Making Pie Crusts-mix the dry and shortening until crumbly

Mix the shortening into the flour and salt mixture with a fork, until crumbly.

Making Pie Crusts-form into a ball

Add hot water until dough forms a ball.

Making Pie Crusts-Rolled out on a floured surface

Using a rolling pin, roll the ball into a thin circle, on a floured surface.

Making Pie Crusts-crust with an inverted pie dish on it.

Continue rolling out the pie crust dough until it is slightly larger than the dish, so the crust can go up the sides of the dish.

Making Pie Crusts-folded in half

When the crust is the right size, fold it in half to make it easier to move into the pie dish. It might rip. That’s ok. Mine did. I fixed it once I got it in the dish

Making pie crust-making the crust fit the dish

Carefully lift the folded pie crust into the dish, the fold in the middle of the dish. Unfold it carefully and shift it to fit the dish with some crust hanging over the edge. If the pie was to have a top crust, the filling would go in this shell and the instructions would be followed up to this point for the second crust. It would lay on top.

Making Pie Crust-crimping the edges

Ok-here is how you make the scalloped edge on the top. This edge is more than decorative, it keeps the pie filling from bubbling out of the pie while it is in the oven. Cut off or fold under the excess crust from around the top of the dish.
Squeeze the pie crust between the thumb and forefinger of one hand and the forefinger of the other hand. Continue all the way around the edge of the pie dish.

Making Pie Crust-finished, unbaked crust

Use a fork to poke holes (just little ones) in the base of the pie and around the sides.. This is still raw dough. A pie that has a no-bake filling needs a finished pie crust. So at this point the crust would go into the oven at 400 degrees Fahrenheit for 10 minutes to bake.
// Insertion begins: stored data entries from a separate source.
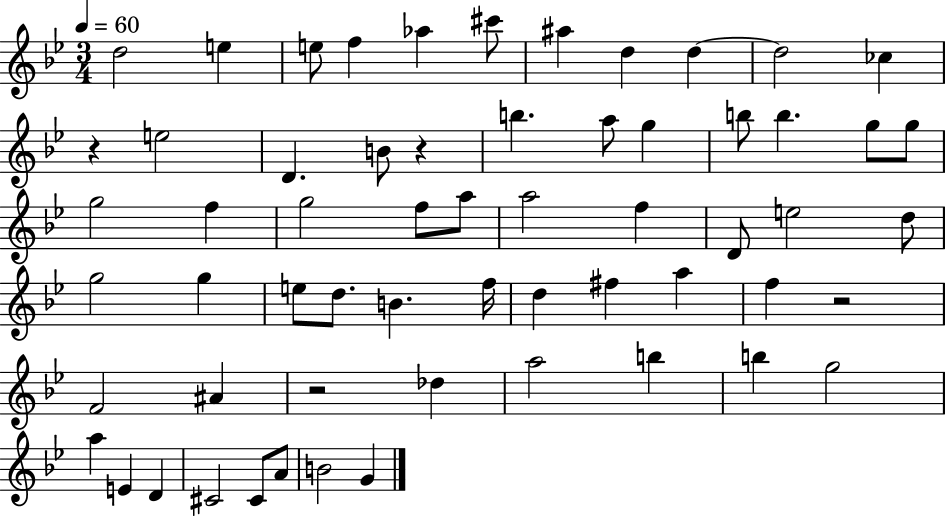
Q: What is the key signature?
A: BES major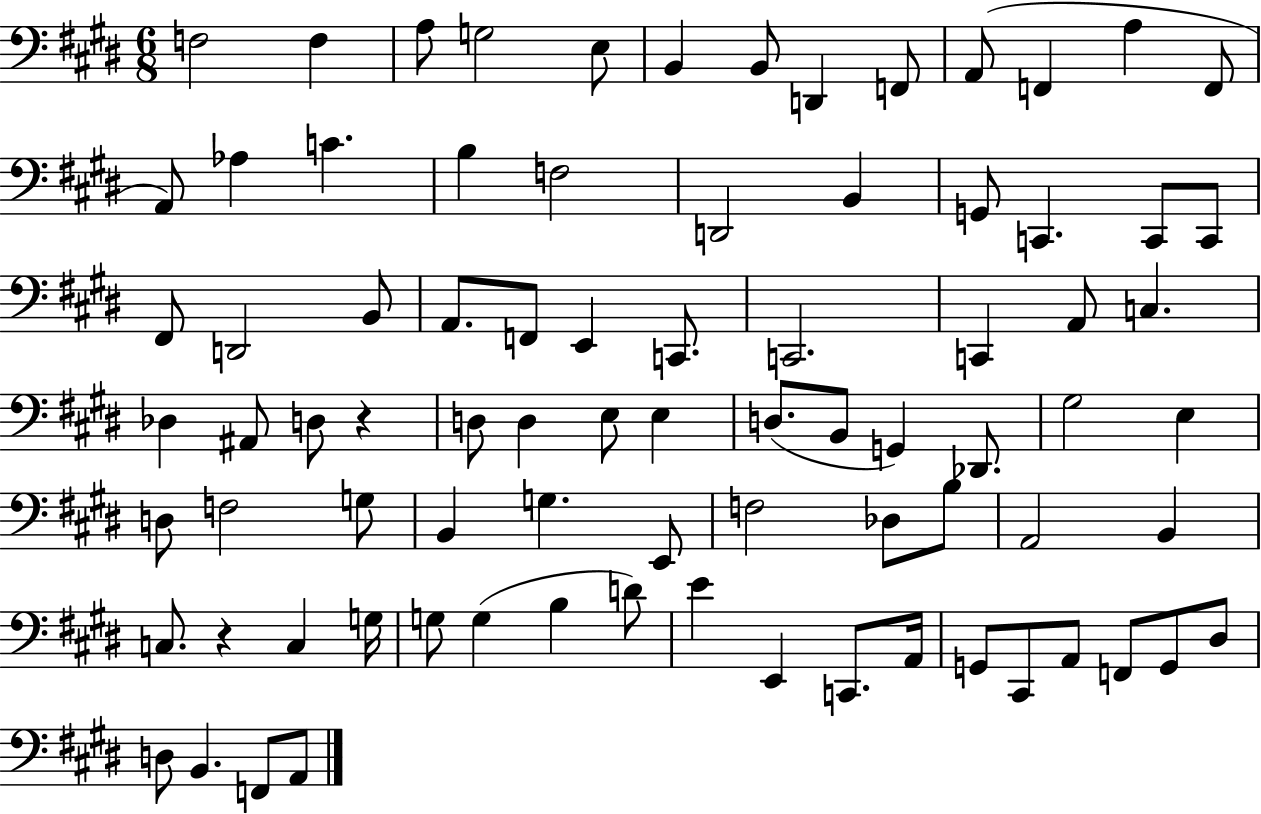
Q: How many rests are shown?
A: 2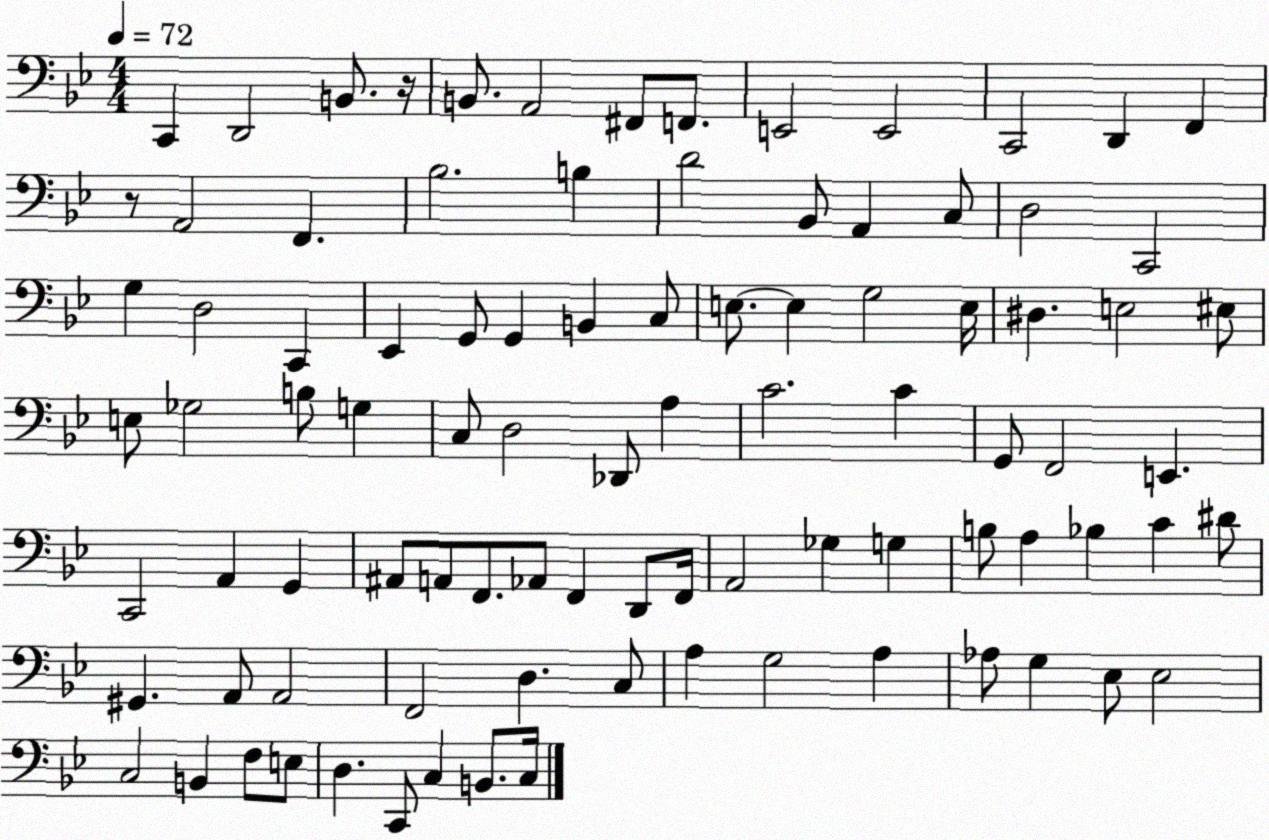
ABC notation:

X:1
T:Untitled
M:4/4
L:1/4
K:Bb
C,, D,,2 B,,/2 z/4 B,,/2 A,,2 ^F,,/2 F,,/2 E,,2 E,,2 C,,2 D,, F,, z/2 A,,2 F,, _B,2 B, D2 _B,,/2 A,, C,/2 D,2 C,,2 G, D,2 C,, _E,, G,,/2 G,, B,, C,/2 E,/2 E, G,2 E,/4 ^D, E,2 ^E,/2 E,/2 _G,2 B,/2 G, C,/2 D,2 _D,,/2 A, C2 C G,,/2 F,,2 E,, C,,2 A,, G,, ^A,,/2 A,,/2 F,,/2 _A,,/2 F,, D,,/2 F,,/4 A,,2 _G, G, B,/2 A, _B, C ^D/2 ^G,, A,,/2 A,,2 F,,2 D, C,/2 A, G,2 A, _A,/2 G, _E,/2 _E,2 C,2 B,, F,/2 E,/2 D, C,,/2 C, B,,/2 C,/4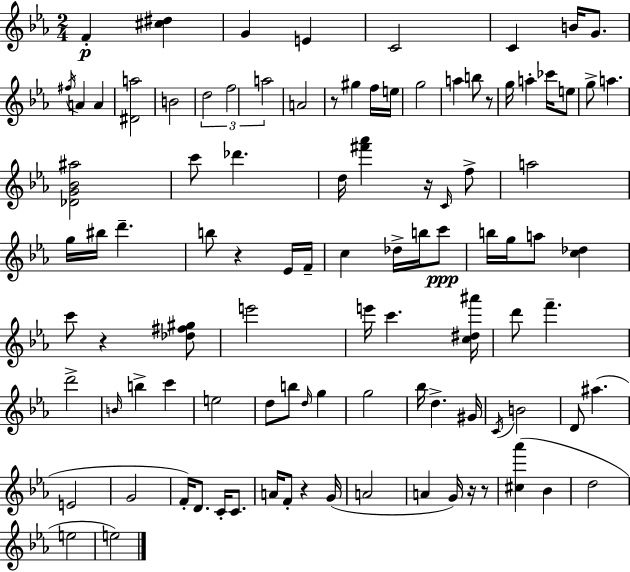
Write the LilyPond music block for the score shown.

{
  \clef treble
  \numericTimeSignature
  \time 2/4
  \key c \minor
  f'4-.\p <cis'' dis''>4 | g'4 e'4 | c'2 | c'4 b'16 g'8. | \break \acciaccatura { fis''16 } a'4 a'4 | <dis' a''>2 | b'2 | \tuplet 3/2 { d''2 | \break f''2 | a''2 } | a'2 | r8 gis''4 f''16 | \break e''16 g''2 | a''4 b''8 r8 | g''16 a''4-. ces'''16 e''8 | g''8-> a''4. | \break <des' g' bes' ais''>2 | c'''8 des'''4. | d''16 <fis''' aes'''>4 r16 \grace { c'16 } | f''8-> a''2 | \break g''16 bis''16 d'''4.-- | b''8 r4 | ees'16 f'16-- c''4 des''16-> b''16 | c'''8\ppp b''16 g''16 a''8 <c'' des''>4 | \break c'''8 r4 | <des'' fis'' gis''>8 e'''2 | e'''16 c'''4. | <c'' dis'' ais'''>16 d'''8 f'''4.-- | \break d'''2-> | \grace { b'16 } b''4-> c'''4 | e''2 | d''8 b''8 \grace { d''16 } | \break g''4 g''2 | bes''16 d''4.-> | gis'16 \acciaccatura { c'16 } b'2 | d'8 ais''4.( | \break e'2 | g'2 | f'16-.) d'8. | c'16-. c'8. a'16 f'8-. | \break r4 g'16( a'2 | a'4 | g'16) r16 r8 <cis'' aes'''>4( | bes'4 d''2 | \break e''2 | e''2) | \bar "|."
}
A pie chain can be placed in the crust before going in the oven to prevent the crust from bubbling up.

Blind Baking

Blind baking is baking a crust without any filling in it.  This is an important step in a pie filling that isn’t baked like Banana Cream or French Silk.   Even with the holes poked in it, sometimes the crust bubbles up while baking and then breaks after baking.  Since the purpose of the crust is to keep the filling from sliding all over, this is a problem.

Hundreds of years of baking pies, has taught bakers to use some sort of weight to hold the crust down in the middle while it’s baking.   Dried beans or rice can be used as weights or you might like to try these ceramic pie weights or chain.  Clicking on these links will take you to shop for pie weights and chains.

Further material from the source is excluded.